Machine learning (ML) is concerned with the study of algorithms that learn from data to perform certain tasks. Example tasks include classification, language translation, text mining (e.g., for terms of art), abnormality detection, recommender systems, ranking search results and so on. From a practitioner’s point of view, machine learning is often seen as the scientist’s toolbox with powerful tools that could be used to solve a wide range of problems across many domains.
At Thomson Reuters, we are in the business of building information-based solutions for professional knowledge workers. Our machine learning research focuses on solving business-relevant problems as opposed to inventing new machine learning algorithms. We are a text-heavy organization and machine learning plays a critical role in what we do and is embedded in our products and services. Our problem space spans a number of areas including, but not limited to the following:
- Text Mining including extracting terms of art, concepts, named entities, relations, risks and events.
- Concordance and Resolution, including resolving named entities to authority files, database concordance, and web-scale concordance creating knowledge graphs of billions of nodes and tens of billions of relationships.
- Content Organization including document classification, extracting document structures (e.g., from pdf text images), clustering, document deduplication (exact and fuzzy)
- Text Generation and Summarization including single-document and multi-document summarization, runtime snippet / seeded-summary generation.
- Research & Discovery including search, vertical search, content- and behavior-based recommender systems, question answering over structured data and knowledge graphs, and question answering over text and documents, dynamic related concepts, and dialog systems.
- Document Analysis including analyzing such documents as contracts, legal briefs & motions and SEC filings. Tasks include extracting terms and conditions (e.g., of contracts) detecting abnormalities and risks (e.g., in clauses and SEC filings), updating old documents (e.g., legal briefs) or identifying weaknesses and gaps in documents (e.g., litigation) from opposing parties in adversarial environments.
- Analytics including analyzing structured data and records for abnormality, looking for trends, understanding customer journeys and pain points, to name just a few.
In each of the above areas – and others – our primary objective is not to invent new machine learning algorithms, but rather to solve business-relevant problems and to build new capabilities that simplify how knowledge work gets done. As such, we often focus on extending/adapting state of the art machine learning algorithms into our data and domains as well as designing innovative solution architectures to solve complex problems to quality and scale.
Our choice of technology is not driven by recent trends or popularity. We strive to use the right tool/approach for the task with an eye towards the operational cost of these technologies (e.g., in terms of skills needed for care and feeding of solutions). We have significant expertise in both supervised and unsupervised ML approaches. We use active learning to reduce the cost of annotation tasks as well as transfer-learning so we are not starting from scratch every time. Historically, we relied heavily on classical ML approaches that require capturing the nuances of the domain in a way that an algorithm can compute, or what is often referred to as feature engineering. More recently though, we are shifting towards deep learning (DL) approaches which reduces if not eliminates the need for complex, hand-curated features that are engineered and tuned iteratively. So far, deep learning is living up to its promise and we are getting state of the art results on summarization (abstractive and extractive) as well as question answering tasks.

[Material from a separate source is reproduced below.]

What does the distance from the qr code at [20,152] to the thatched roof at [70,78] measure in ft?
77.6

Regardless of the particular choice of technology, we believe we are uniquely positioned to do ground-breaking machine learning research because in most vertical domains machine learning requires three ingredients: data, subject matter expertise and machine-learning skills.
- Data is key because it is what is used to train the algorithms. For many tasks, one often needs quality and quantity. We have both. Our data is accurate, current, comprehensive and has been carefully curated through editorial and algorithmic processes.
- Subject matter experts are key part of the puzzle because (1) they are often responsible for annotation tasks (creating training data), (2) they verify solution performance, and (3) together with scientists they perform error analysis tasks to understand algorithm behavior and make adjustments.
- Machine learning skills are not just about expertise in the various algorithms and tools but also in how to adapt them to our vertical domains.
Staying up to date with the latest machine learning technologies is critical if we are to remain relevant to our business and customers. This is why we attend, publish and present at scientific conferences and industry meetings. We also collaborate with universities and research institutions on domain-agnostic problems.